- _WORK TO BE COMPLETED_:
Output only these lines, set down exactly: the one containing "Zevends.com(Apache HTTP Server" and each line after it through the end of the records.

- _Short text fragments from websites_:

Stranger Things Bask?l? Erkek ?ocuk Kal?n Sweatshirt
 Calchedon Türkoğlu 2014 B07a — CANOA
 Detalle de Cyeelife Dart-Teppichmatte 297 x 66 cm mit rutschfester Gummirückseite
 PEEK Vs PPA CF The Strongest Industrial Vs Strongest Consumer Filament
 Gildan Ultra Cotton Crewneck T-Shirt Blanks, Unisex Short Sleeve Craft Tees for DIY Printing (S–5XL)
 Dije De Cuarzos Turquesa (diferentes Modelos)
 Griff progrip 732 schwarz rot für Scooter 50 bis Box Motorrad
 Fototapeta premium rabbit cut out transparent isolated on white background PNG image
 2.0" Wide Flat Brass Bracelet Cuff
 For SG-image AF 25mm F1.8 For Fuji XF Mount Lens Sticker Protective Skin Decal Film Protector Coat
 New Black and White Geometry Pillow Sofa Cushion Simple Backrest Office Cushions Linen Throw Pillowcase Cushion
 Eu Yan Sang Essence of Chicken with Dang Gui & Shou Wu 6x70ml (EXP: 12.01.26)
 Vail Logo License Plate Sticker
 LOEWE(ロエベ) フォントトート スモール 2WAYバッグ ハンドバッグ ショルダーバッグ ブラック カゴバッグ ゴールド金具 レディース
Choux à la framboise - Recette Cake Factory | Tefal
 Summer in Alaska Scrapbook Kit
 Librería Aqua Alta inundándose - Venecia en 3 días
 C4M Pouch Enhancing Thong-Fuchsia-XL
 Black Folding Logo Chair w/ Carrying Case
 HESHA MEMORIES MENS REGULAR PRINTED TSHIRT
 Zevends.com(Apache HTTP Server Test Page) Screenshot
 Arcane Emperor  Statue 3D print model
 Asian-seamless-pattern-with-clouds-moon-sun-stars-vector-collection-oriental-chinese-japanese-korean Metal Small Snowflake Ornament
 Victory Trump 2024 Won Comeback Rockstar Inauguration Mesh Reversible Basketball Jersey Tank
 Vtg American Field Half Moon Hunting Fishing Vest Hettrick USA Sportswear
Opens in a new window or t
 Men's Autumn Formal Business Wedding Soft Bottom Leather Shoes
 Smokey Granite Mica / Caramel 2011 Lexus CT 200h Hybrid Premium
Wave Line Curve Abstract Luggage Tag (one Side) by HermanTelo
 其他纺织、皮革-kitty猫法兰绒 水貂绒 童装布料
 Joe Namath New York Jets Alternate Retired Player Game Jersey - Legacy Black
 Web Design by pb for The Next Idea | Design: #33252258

- _RESPONSE_:
 Zevends.com(Apache HTTP Server Test Page) Screenshot
 Arcane Emperor  Statue 3D print model
 Asian-seamless-pattern-with-clouds-moon-sun-stars-vector-collection-oriental-chinese-japanese-korean Metal Small Snowflake Ornament
 Victory Trump 2024 Won Comeback Rockstar Inauguration Mesh Reversible Basketball Jersey Tank
 Vtg American Field Half Moon Hunting Fishing Vest Hettrick USA Sportswear
Opens in a new window or t
 Men's Autumn Formal Business Wedding Soft Bottom Leather Shoes
 Smokey Granite Mica / Caramel 2011 Lexus CT 200h Hybrid Premium
Wave Line Curve Abstract Luggage Tag (one Side) by HermanTelo
 其他纺织、皮革-kitty猫法兰绒 水貂绒 童装布料
 Joe Namath New York Jets Alternate Retired Player Game Jersey - Legacy Black
 Web Design by pb for The Next Idea | Design: #33252258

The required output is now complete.